— Data supplied —
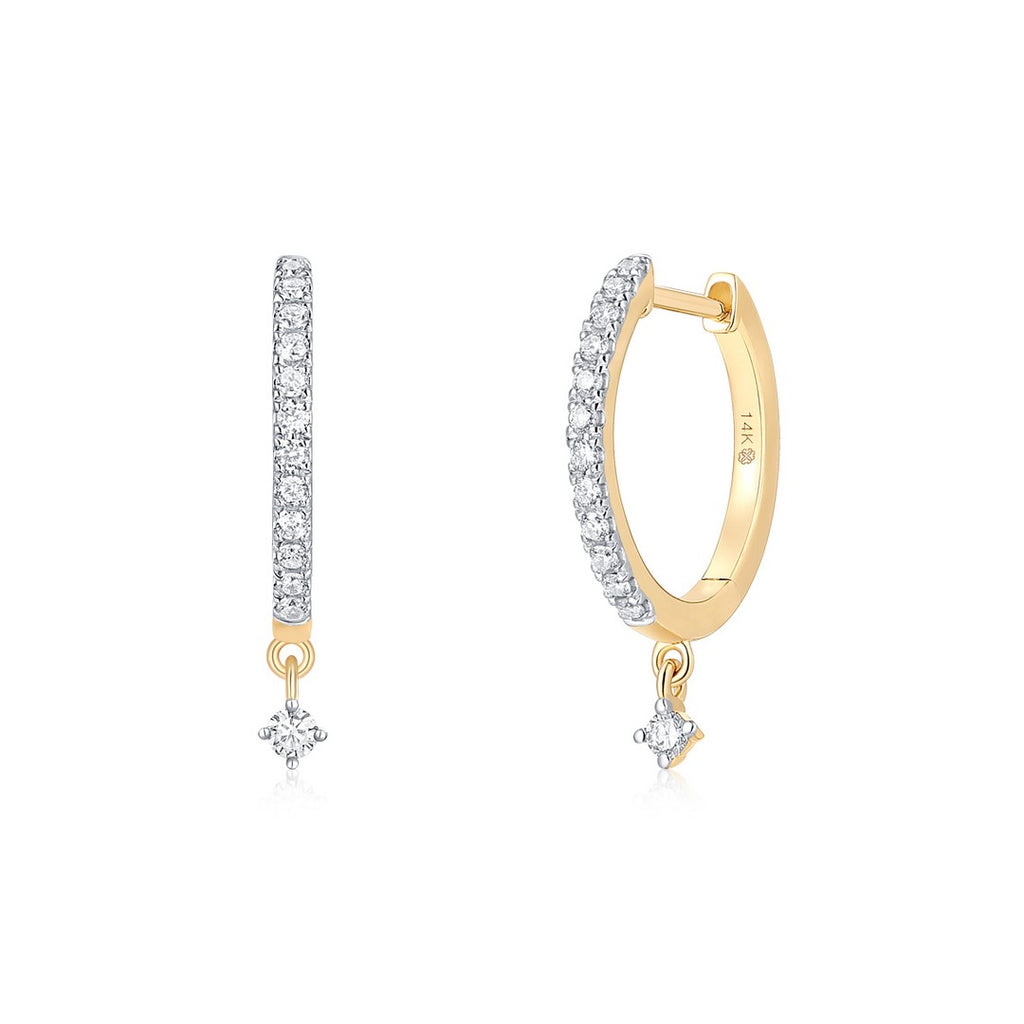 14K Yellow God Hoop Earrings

==

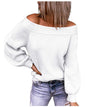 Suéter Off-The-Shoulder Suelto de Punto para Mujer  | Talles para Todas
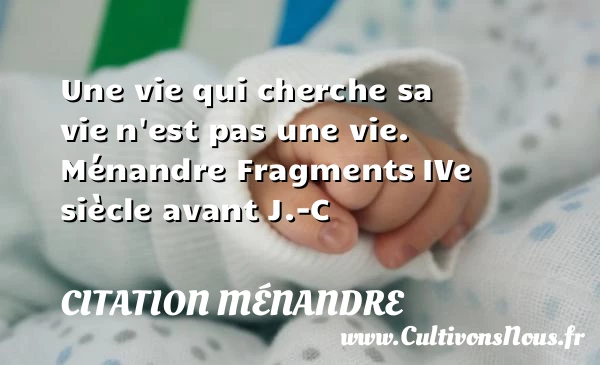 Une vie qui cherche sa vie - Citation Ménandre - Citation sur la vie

==

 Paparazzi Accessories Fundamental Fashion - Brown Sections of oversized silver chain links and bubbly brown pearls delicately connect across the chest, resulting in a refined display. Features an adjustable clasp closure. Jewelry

— Exercise —
Would you set down only the lines above from the line with "Suéter Off-The-Shoulder Suelto" to the line with "Une vie qui", both included, exactly as they stand and without the pictures?

— Output for this exercise —
 Suéter Off-The-Shoulder Suelto de Punto para Mujer  | Talles para Todas
 Une vie qui cherche sa vie - Citation Ménandre - Citation sur la vie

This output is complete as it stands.